* _What is expected_:
In this exercise, the entries below include pictures. Repeat exactly the lines from the line with "Magnetic Polydron by Early Learning Toys" to the line with "Interview: Ellen Geer", including both, but without the pictures.

================

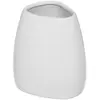 Paris Prix FIVE Simply Smart - Gobelet Salle de Bain Galet 9cm Blanc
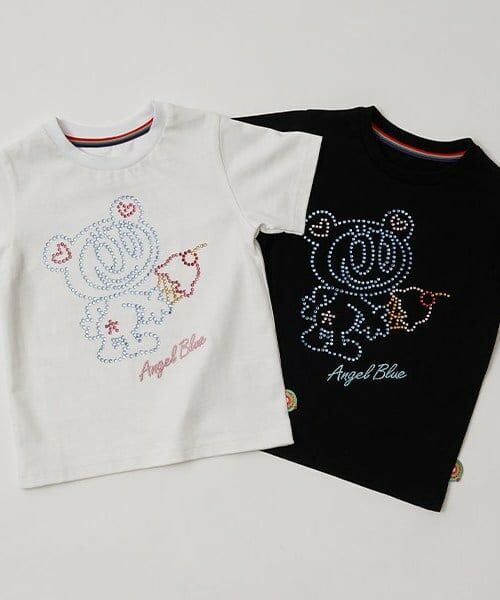pom ponette junior / ポンポネット ジュニア Tシャツ | ナカムラくんキラキラストーンTシャツ【100㎝】 | 詳細14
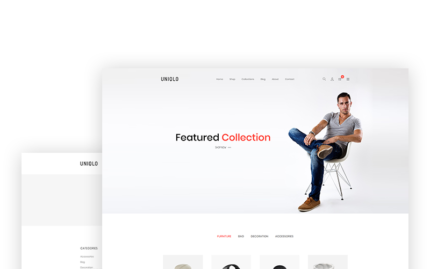 Uniqlo - Minimal Shopify Theme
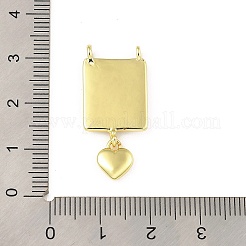 Rack Plating Brass Pendant&nbsp;KK-H456-02G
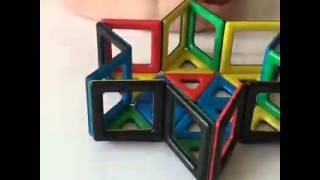 Magnetic Polydron by Early Learning Toys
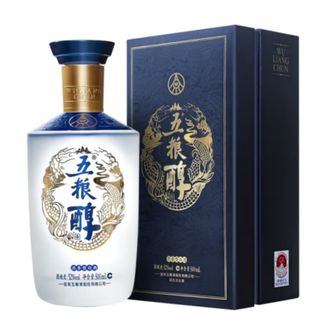 五粮液/WU LIANGYE  五粮醇醇香浓香型52度 500mL 1瓶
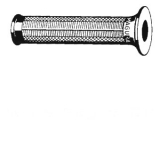 Gummi schwarz mit Wulst Länge = 128 mm innen = 23 mm aussen = 33 mm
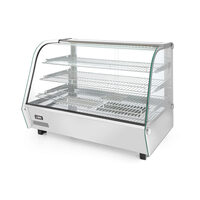 Vitrina profesionala calda cu 3 nivele, 120 litri interval temperatura 30-90 gr C, 1100 W, Hendi, 678x568x(H)686 mm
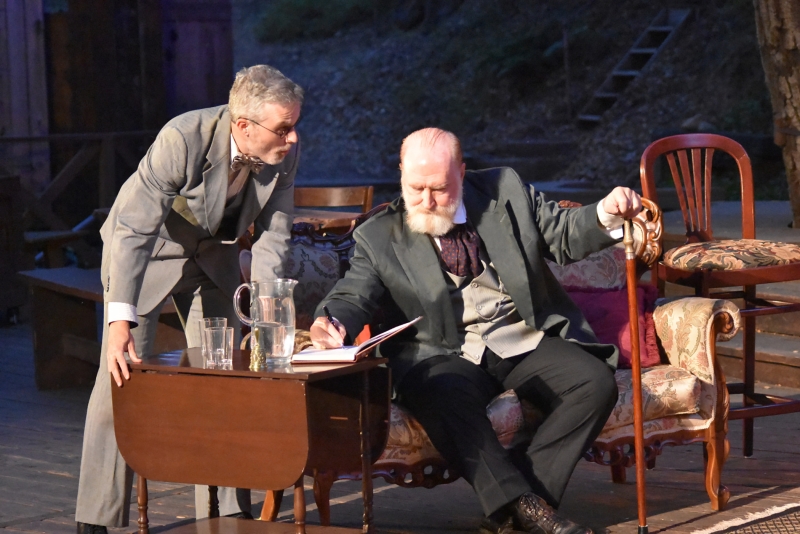 Interview: Ellen Geer on STRIFE at Theatricum Botanicum Image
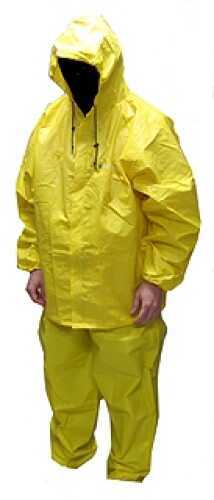 Frogg Toggs Ultra-Lite2 Rain Suit w/Stuff Sack Large, Yellow UL12104-08LG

================

* _Response area_:
 Magnetic Polydron by Early Learning Toys
 五粮液/WU LIANGYE  五粮醇醇香浓香型52度 500mL 1瓶
 Gummi schwarz mit Wulst Länge = 128 mm innen = 23 mm aussen = 33 mm
 Vitrina profesionala calda cu 3 nivele, 120 litri interval temperatura 30-90 gr C, 1100 W, Hendi, 678x568x(H)686 mm
 Interview: Ellen Geer on STRIFE at Theatricum Botanicum Image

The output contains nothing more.